Reputation: 5242
Sorry for bad topic but I wasn't sure what to call it..
I have a table looking like this:
+-----++-----+
| Id ||Count|
+-----++-----+
| 1 || 1 |
+-----++-----+
| 2 || 5 |
+-----++-----+
| 3 || 8 |
+-----++-----+
| 4 || 3 |
+-----++-----+
| 5 || 6 |
+-----++-----+
| 6 || 8 |
+-----++-----+
| 7 || 3 |
+-----++-----+
| 8 || 1 |
+-----++-----+
I'm trying to make a select from this table where every time the SUM of row1 + row2 + row3 (etc) reaches 10, then it's a "HIT", and the count starts over again.
Requested output:
+-----++-----++-----+
| Id ||Count|| HIT |
+-----++-----++-----+
| 1 || 1 || N | Count = 1
+-----++-----++-----+
| 2 || 5 || N | Count = 6
+-----++-----++-----+
| 3 || 8 || Y | Count = 14 (over 10)
+-----++-----++-----+
| 4 || 3 || N | Count = 3
+-----++-----++-----+
| 5 || 6 || N | Count = 9
+-----++-----++-----+
| 6 || 8 || Y | Count = 17 (over 10..)
+-----++-----++-----+
| 7 || 3 || N | Count = 3
+-----++-----++-----+
| 8 || 1 || N | Count = 4
+-----++-----++-----+
How do I do this, and with best performance? I have no idea..
Upvotes: 5
Views: 196
Reputation: 1271003
You can't do this using window/analytic functions, because the breakpoints are not known in advance. Sometimes, it is possible to calculate the breakpoints. However, in this case, the breakpoints depend on a non-linear function of the previous values (I can't think of a better word than "non-linear" right now). That is, sometimes adding "1" to an earlier value has zero effect on the calculation for the current row. Sometimes it has a big effect. The implication is that the calculation has to start at the beginning and iterate through the data.
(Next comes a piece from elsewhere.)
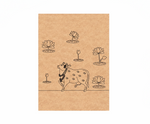 MDF DIY wall art with a cow and lotus designs on a white background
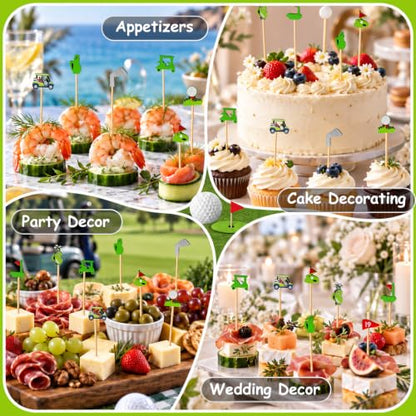 Golf-Themed Cocktail Picks - 200 Bamboo Appetizer Skewers for Parties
A minor modification to the problem would be solvable using such functions. If the problem were, instead, to carry over the excess amount for each group (instead of restarting the sum), the problem would be solvable using cumulative sums (and some other trickery).
Recursive queries (which others have provided) or a sequential operation is the best way to approach this problem. Unfortunately, it doesn't have a set-based method for solving it.
Upvotes: 5
Reputation: 7097
How about this using Running Totals:
DECLARE @Data TABLE(
Id INT
,SubTotal INT
)
INSERT INTO @Data
VALUES(1, 5)
INSERT INTO @Data
VALUES(2, 3)
INSERT INTO @Data
VALUES(3, 4)
INSERT INTO @Data
VALUES(4, 4)
INSERT INTO @Data
VALUES(5, 7)
DECLARE @RunningTotal INT = 0
DECLARE @HitCount INT = 0
SELECT
@RunningTotal = CASE WHEN @RunningTotal < 10 THEN @RunningTotal + SubTotal ELSE SubTotal END
,@HitCount = @HitCount + CASE WHEN @RunningTotal >= 10 THEN 1 ELSE 0 END
FROM @Data ORDER BY Id
SELECT @HitCount -- Outputs 2
Having re-read the question I see this does not meet the required output - I'll leave the answer as it may be of some use to someone looking for an example of a running total solution to this type of problem that doesn't need each row tagged with a Y or an N.
Upvotes: 1
Reputation: 36523
I'm really hoping someone can show us if it's possible to do this using straight-forward window functions. That's the real challenge.
In the meantime, here is how I would do it using recursion. This handles gaps in the sequence, and handles the edge case of the first row already being >= 10
.
I also added the maxrecursion
hint to remove the default recursion limit. But I honestly don't know how well it will run with larger amounts of data.
with NumberedRows as (
select Id, Cnt,
row_number() over(order by id) as rn
from CountTable
), RecursiveCTE as (
select Id, Cnt, rn,
case when Cnt >= 10 then 0 else Cnt end as CumulativeSum,
case when Cnt >= 10 then 'Y' else 'N' end as hit
from NumberedRows
where rn = 1
union all
select n.Id, n.Cnt, n.rn,
case when (n.Cnt + r.CumulativeSum) >= 10 then 0 else n.Cnt + r.CumulativeSum end as CumulativeSum,
case when (n.Cnt + r.CumulativeSum) >= 10 then 'Y' else 'N' end as hit
from RecursiveCTE r
join NumberedRows n
on n.rn = r.rn + 1
)
select Id, Cnt, hit
from RecursiveCTE
order by Id
option (maxrecursion 0)
Upvotes: 1
Reputation: 6205
You could use Recursive Queries
Please note the following query assuming the id value are all in sequence, otherwise, please use ROW_NUMBER()
to create a new id
WITH cte AS (
SELECT id, [Count], [Count] AS total_count
FROM Table1
WHERE id = 1
UNION ALL
SELECT t2.id,t2.[Count], CASE WHEN t1.total_count >= 10 THEN t2.[Count] ELSE t1.total_count + t2.[Count] END
FROM Table1 t2
INNER JOIN cte t1
ON t2.id = t1.id + 1
)
SELECT *
FROM cte
ORDER BY id
Upvotes: 3